In Chrome or Safari press Ctrl-Shift-J (on OSX Cmd-Option-J) or Ctrl-Shift-K
in Firefox and paste this

    
    
        c = document.createElement("canvas");
        document.body.appendChild(c);
        ctx = c.getContext("2d");
        ctx.translate(150, 75);
        ctx.beginPath();
        for (var i = 0; i < 60; ++i) {
            var a = i * 2; 
            ctx.lineTo(Math.sin(a) * 75, Math.cos(a) * 75); 
        }
        ctx.stroke();
    

This is one of the things I love about programming in JavaScript. Being in the
browser means I always have a live "listener" where I can manipulate code on
the fly.

Anytime I need to check something simple it's just a moment to try it out.

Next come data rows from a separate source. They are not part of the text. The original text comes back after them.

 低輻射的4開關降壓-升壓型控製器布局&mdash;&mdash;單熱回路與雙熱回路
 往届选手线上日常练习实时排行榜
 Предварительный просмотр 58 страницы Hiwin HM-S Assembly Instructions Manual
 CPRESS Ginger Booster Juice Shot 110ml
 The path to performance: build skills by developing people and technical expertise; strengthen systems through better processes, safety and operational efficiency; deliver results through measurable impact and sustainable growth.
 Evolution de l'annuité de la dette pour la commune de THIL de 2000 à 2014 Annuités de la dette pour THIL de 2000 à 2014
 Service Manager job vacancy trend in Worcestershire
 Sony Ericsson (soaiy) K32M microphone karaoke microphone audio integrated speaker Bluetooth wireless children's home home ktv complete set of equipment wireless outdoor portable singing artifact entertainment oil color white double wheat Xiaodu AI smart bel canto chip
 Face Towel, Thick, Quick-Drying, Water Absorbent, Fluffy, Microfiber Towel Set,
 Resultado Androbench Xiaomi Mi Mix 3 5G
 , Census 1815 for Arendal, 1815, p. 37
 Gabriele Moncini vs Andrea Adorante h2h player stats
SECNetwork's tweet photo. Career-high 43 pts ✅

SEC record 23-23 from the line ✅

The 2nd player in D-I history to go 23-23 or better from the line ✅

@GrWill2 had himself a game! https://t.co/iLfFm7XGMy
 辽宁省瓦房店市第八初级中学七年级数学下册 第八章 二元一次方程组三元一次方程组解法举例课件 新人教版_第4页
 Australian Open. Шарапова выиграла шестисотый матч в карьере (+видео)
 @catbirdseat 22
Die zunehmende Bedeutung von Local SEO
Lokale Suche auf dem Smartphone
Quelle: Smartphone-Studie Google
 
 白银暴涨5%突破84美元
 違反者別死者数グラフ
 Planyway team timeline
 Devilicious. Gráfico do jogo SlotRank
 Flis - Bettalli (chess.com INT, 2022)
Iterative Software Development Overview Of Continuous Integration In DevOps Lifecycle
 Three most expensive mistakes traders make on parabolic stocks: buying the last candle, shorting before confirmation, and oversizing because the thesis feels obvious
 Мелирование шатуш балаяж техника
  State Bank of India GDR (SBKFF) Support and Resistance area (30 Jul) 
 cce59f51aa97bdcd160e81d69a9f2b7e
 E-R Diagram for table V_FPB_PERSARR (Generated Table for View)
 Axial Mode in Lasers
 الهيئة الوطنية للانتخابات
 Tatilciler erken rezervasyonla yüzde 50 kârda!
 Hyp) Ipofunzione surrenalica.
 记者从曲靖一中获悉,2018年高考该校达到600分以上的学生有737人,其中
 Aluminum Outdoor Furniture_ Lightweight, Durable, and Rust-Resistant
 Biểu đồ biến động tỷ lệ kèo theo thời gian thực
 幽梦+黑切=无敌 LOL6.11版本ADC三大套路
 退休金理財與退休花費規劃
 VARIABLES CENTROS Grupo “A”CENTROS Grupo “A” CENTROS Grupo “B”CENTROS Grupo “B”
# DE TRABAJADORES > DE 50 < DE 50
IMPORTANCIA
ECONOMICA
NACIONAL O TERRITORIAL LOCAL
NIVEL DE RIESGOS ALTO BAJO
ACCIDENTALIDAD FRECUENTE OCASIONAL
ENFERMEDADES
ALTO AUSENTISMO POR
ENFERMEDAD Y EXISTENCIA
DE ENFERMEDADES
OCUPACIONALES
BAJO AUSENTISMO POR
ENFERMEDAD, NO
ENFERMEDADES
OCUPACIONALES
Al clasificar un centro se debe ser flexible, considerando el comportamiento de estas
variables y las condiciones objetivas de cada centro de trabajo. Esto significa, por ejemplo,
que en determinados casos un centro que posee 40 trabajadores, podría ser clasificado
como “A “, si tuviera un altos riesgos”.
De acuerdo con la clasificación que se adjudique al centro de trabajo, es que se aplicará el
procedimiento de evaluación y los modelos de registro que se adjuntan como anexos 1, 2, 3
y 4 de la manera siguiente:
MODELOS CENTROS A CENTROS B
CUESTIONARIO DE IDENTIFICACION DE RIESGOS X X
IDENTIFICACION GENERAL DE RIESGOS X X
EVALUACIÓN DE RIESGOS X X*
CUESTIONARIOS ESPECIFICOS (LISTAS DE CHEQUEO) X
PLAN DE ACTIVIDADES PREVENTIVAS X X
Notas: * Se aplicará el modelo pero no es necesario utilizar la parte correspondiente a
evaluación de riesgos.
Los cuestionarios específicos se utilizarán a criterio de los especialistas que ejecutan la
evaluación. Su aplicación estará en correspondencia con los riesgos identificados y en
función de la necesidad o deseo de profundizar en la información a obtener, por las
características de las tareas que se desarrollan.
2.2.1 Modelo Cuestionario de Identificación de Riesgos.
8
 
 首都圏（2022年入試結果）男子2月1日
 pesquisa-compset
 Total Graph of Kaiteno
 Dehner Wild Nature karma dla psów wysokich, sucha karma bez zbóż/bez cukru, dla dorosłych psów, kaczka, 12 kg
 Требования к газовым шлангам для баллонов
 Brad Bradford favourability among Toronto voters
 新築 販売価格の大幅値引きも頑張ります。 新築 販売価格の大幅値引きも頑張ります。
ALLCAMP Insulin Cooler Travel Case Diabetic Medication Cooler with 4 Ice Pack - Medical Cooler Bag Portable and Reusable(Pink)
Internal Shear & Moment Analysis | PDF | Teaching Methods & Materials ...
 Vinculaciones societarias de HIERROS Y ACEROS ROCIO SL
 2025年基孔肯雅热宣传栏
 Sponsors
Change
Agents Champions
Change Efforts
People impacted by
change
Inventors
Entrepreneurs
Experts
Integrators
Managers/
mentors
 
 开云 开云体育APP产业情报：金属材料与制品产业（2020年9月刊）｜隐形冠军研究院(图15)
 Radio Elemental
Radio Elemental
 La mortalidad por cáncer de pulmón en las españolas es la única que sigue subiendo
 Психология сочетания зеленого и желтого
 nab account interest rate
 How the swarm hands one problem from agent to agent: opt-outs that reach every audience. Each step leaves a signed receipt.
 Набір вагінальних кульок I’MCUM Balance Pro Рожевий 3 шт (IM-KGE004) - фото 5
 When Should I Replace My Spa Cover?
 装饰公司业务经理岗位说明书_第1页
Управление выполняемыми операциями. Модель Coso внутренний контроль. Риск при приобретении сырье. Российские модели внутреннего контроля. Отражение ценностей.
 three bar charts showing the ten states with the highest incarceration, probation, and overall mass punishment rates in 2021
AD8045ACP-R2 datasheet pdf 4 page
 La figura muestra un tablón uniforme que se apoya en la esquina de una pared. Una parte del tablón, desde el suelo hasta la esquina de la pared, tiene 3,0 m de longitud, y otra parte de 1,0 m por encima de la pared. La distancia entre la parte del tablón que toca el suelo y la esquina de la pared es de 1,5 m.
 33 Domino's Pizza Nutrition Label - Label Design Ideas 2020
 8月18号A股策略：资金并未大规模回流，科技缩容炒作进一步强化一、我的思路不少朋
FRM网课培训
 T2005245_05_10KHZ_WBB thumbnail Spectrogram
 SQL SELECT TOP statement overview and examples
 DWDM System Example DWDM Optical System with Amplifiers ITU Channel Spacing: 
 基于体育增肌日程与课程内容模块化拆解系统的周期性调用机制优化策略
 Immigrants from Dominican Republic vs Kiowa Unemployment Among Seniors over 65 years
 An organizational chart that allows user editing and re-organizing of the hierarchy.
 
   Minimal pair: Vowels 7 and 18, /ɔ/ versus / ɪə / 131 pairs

If
I want to make something easily inspect-able I temporarily assign it to a
global.

    
    
       xxx = someObjectIWantToInspect
    

And now I can type `xxx` to see it live.

Since I do lots of visualizations and games and other things that re-evaluate
live it's easy to just manipulate the settings as they run. For example paste
this code.

    
    
        m = 2;
        c = document.createElement("canvas");
        document.body.appendChild(c);
        ctx = c.getContext("2d");
        ctx.translate(150, 75);
        setInterval(function() {
            var t = +Date.now();
            ctx.clearRect(-150, -75, 300, 150);
            ctx.beginPath();
            for (var i = 0; i < 60; ++i) {
                var a = i * m + t; 
                ctx.lineTo(Math.sin(a) * 75, Math.cos(a) * 75); 
            }
            ctx.stroke();
        }, 100);
    

Then try typing `m = 1` or `m = 9` etc and watching the shape change live.

Yes, I understand the OP is about C# but like I said, I read something between
the lines that suggested maybe some people didn't know this. Sorry if it's off
topic.

------
wcoenen
Doesn't <http://ideone.com> already do this for a ton of languages, including
C# and VB.NET?